Determination of monochloramine formation rate constants with stopped-flow spectrophotometry.

The production of monochloramine by the reaction of aqueous ammonia and free chlorine is important in both drinking water and wastewater treatment systems. Accurate prediction of the rate of monochloramine formation is a prerequisite for any modeling work related to this fundamental reaction. There are significant discrepancies between rate constants reported in the literature. Furthermore, little information is available on the temperature dependence of the reaction rate constant. The purposes of this study were to kinetically examine the potential reaction pathways, accurately determine the specific rate constants, and establish the Arrhenius equation for the reaction of monochloramine formation using the stopped-flow technique. Results indicate that the rate constants are highly pH dependent due to the speciation of both free chlorine and ammonia.

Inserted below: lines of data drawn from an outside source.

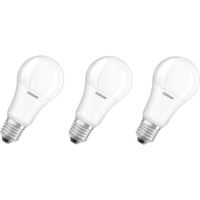 OSRAM Lot de 3 Ampoules LED E27 standard dépolie 14 W équivalent à 100 W blanc froid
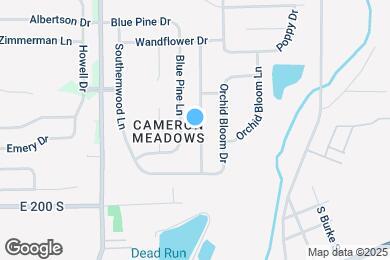 Map image of the property - 2014 Dutch Elm Dr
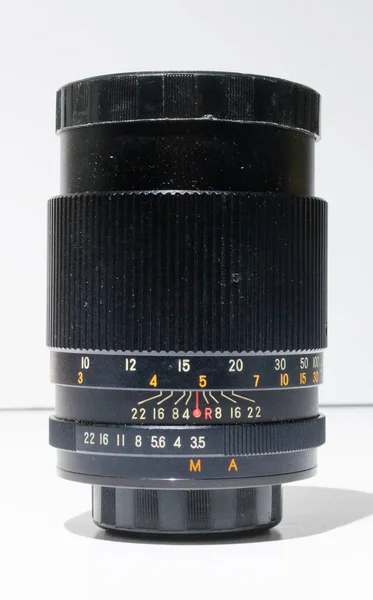 Londra Ngiltere 2018 M42 Lens Montajı Için Bir Promura 135Mm — Stok fotoğraf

From a strictly kinetic point of view, monochloramine formation could be explained by either the nonionic pathway between HOCl and NH3 or the ionic pathway between OCl- and NH4+. However, because the ionic pathway is mechanistically implausible the reaction is shown to be between the nonionic species (HOCl and NH3). The specific rate constant for the nonionic pathway at 25 degrees C was determined to be 3.07 x 10(6) (M(-1) x s(-1)). The Arrhenius equation was obtained as k(HOCl,NH3) = 5.40 x 10(9) exp(- 2237/T), which provided an activation energy of 18.6 kJ x mol(-1).